Huffman Coding

Suppose we want to compress a 100,000-byte data file that we know contains
only the lowercase letters `A` through `F`. Since we have only six
distinct characters to encode, we can represent each one with three bits rather
than the eight bits normally used to store characters:

Letter ABCDEFCodeword 000 001 010 011 100 101

This **fixed-length code** gives us a compression ratio of 5/8 = 62.5%.
Can we do better?

What if we knew the relative frequencies at which each letter occurred? It would be logical to assign shorter codes to the most frequent letters and save longer codes for the infrequent letters. For example, consider this code:

Letter ABCDEFFrequency (K) 45 13 12 16 9 5 Codeword 0 101 100 111 1101 1100

Using this code, our file can be represented with

(45×1 + 13×3 + 12×3 + 16×3 + 9×4 + 5×4) × 1000 = 224 000 bits

or 28 000 bytes, which gives a compression ratio of 72%. In fact, this is an
optimal character code for this file (which is *not* to say that
the file is not further compressible by other means).

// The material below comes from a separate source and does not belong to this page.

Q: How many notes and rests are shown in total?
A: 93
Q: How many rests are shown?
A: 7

Notice that in our variable-length code, no codeword is a prefix of any other
codeword. For example, we have a codeword 0, so no other codeword starts with 0.
And both of our four-bit codewords start with 110, which is not a codeword. A
code where no codeword is a prefix of any other is called a **prefix code**. Prefix codes are useful because they
make a stream of bits unambiguous; we simply can accumulate bits from a stream
until we have completed a codeword. (Notice that encoding is simple regardless
of whether our code is a prefix code: we just build a dictionary of letters to
codewords, look up each letter we're trying to encode, and append the codewords
to an output stream.) In turns out that prefix codes always can be used to
achive the optimal compression for a character code, so we're not losing
anything by restricting ourselves to this type of character code.

When we're decoding a stream of bits using a prefix code, what data structure might we want to use to help us determine whether we've read a whole codeword yet?

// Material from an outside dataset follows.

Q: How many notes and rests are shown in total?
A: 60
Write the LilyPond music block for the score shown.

One convenient representation is to use a binary tree with the codewords stored in the leaves so that the bits determine the path to the leaf. This binary tree is a trie in which only the leaves map to letters. In our example, the codeword 1100 is found by starting at the root, moving down the right subtree twice and the left subtree twice:

100 / \ A 55 [45] / \ 25 30 / \ / \ C B 14 D [12] [13] / \ [16] F E [5] [9]

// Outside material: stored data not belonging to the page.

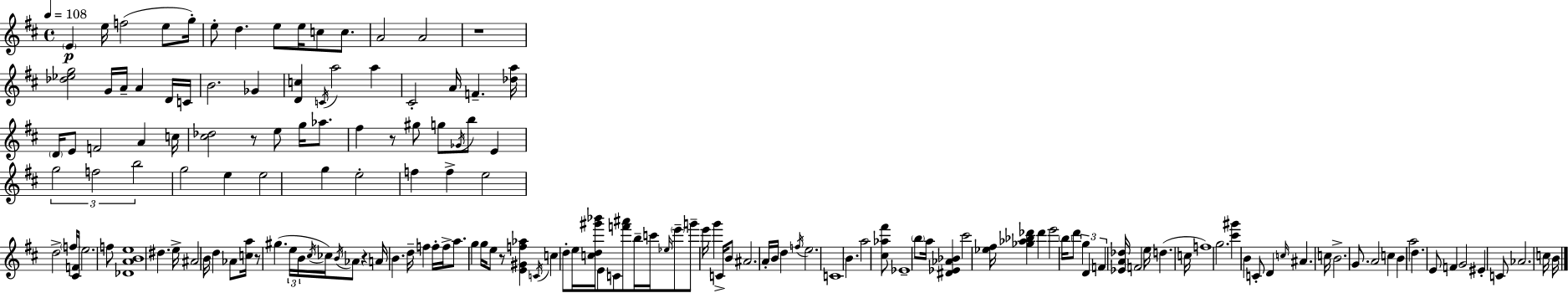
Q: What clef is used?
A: treble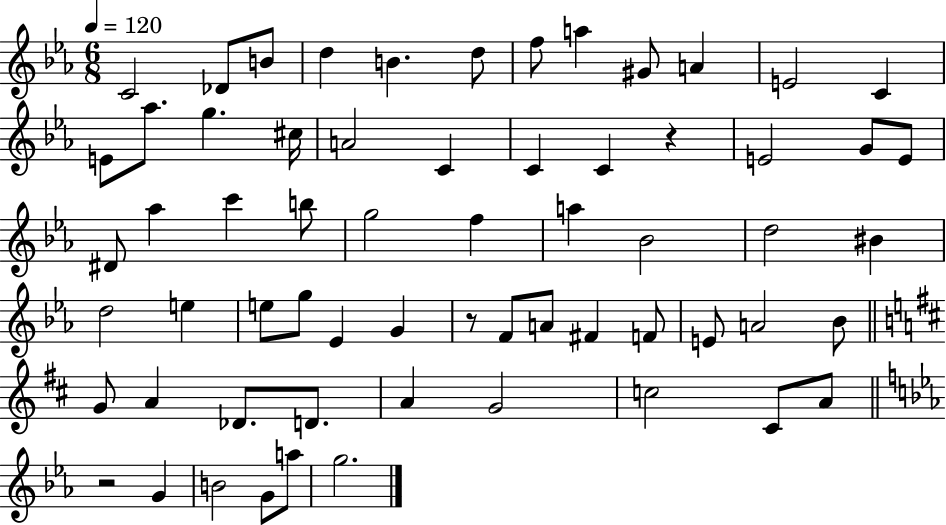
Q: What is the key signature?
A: EES major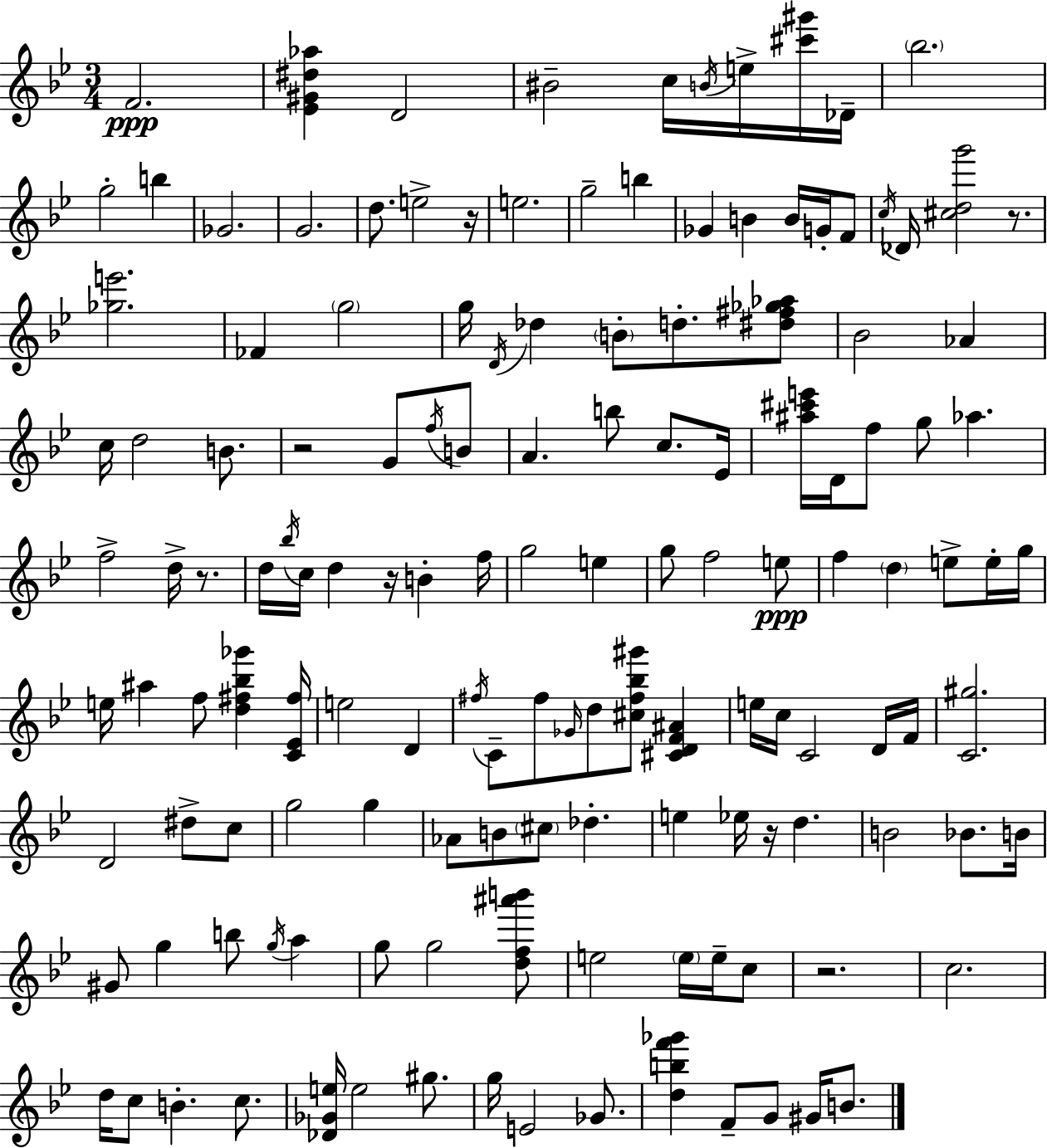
{
  \clef treble
  \numericTimeSignature
  \time 3/4
  \key g \minor
  f'2.\ppp | <ees' gis' dis'' aes''>4 d'2 | bis'2-- c''16 \acciaccatura { b'16 } e''16-> <cis''' gis'''>16 | des'16-- \parenthesize bes''2. | \break g''2-. b''4 | ges'2. | g'2. | d''8. e''2-> | \break r16 e''2. | g''2-- b''4 | ges'4 b'4 b'16 g'16-. f'8 | \acciaccatura { c''16 } des'16 <cis'' d'' g'''>2 r8. | \break <ges'' e'''>2. | fes'4 \parenthesize g''2 | g''16 \acciaccatura { d'16 } des''4 \parenthesize b'8-. d''8.-. | <dis'' fis'' ges'' aes''>8 bes'2 aes'4 | \break c''16 d''2 | b'8. r2 g'8 | \acciaccatura { f''16 } b'8 a'4. b''8 | c''8. ees'16 <ais'' cis''' e'''>16 d'16 f''8 g''8 aes''4. | \break f''2-> | d''16-> r8. d''16 \acciaccatura { bes''16 } c''16 d''4 r16 | b'4-. f''16 g''2 | e''4 g''8 f''2 | \break e''8\ppp f''4 \parenthesize d''4 | e''8-> e''16-. g''16 e''16 ais''4 f''8 | <d'' fis'' bes'' ges'''>4 <c' ees' fis''>16 e''2 | d'4 \acciaccatura { fis''16 } c'8-- fis''8 \grace { ges'16 } d''8 | \break <cis'' fis'' bes'' gis'''>8 <cis' d' f' ais'>4 e''16 c''16 c'2 | d'16 f'16 <c' gis''>2. | d'2 | dis''8-> c''8 g''2 | \break g''4 aes'8 b'8 \parenthesize cis''8 | des''4.-. e''4 ees''16 | r16 d''4. b'2 | bes'8. b'16 gis'8 g''4 | \break b''8 \acciaccatura { g''16 } a''4 g''8 g''2 | <d'' f'' ais''' b'''>8 e''2 | \parenthesize e''16 e''16-- c''8 r2. | c''2. | \break d''16 c''8 b'4.-. | c''8. <des' ges' e''>16 e''2 | gis''8. g''16 e'2 | ges'8. <d'' b'' f''' ges'''>4 | \break f'8-- g'8 gis'16 b'8. \bar "|."
}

Here we've labeled the leaves with their frequencies and the branches with the
total frequencies of the leaves in their subtrees. You'll notice that this is a **full
**
binary tree: every nonleaf node has two children. This happens to be true of all
optimal codes, so we can tell that our fixed-length code is suboptimal by
observing its tree:

100 / \ 86 14 / \ / 58 28 14 / \ / \ / \ A B C D E F [45] [13] [12] [16] [9] [5]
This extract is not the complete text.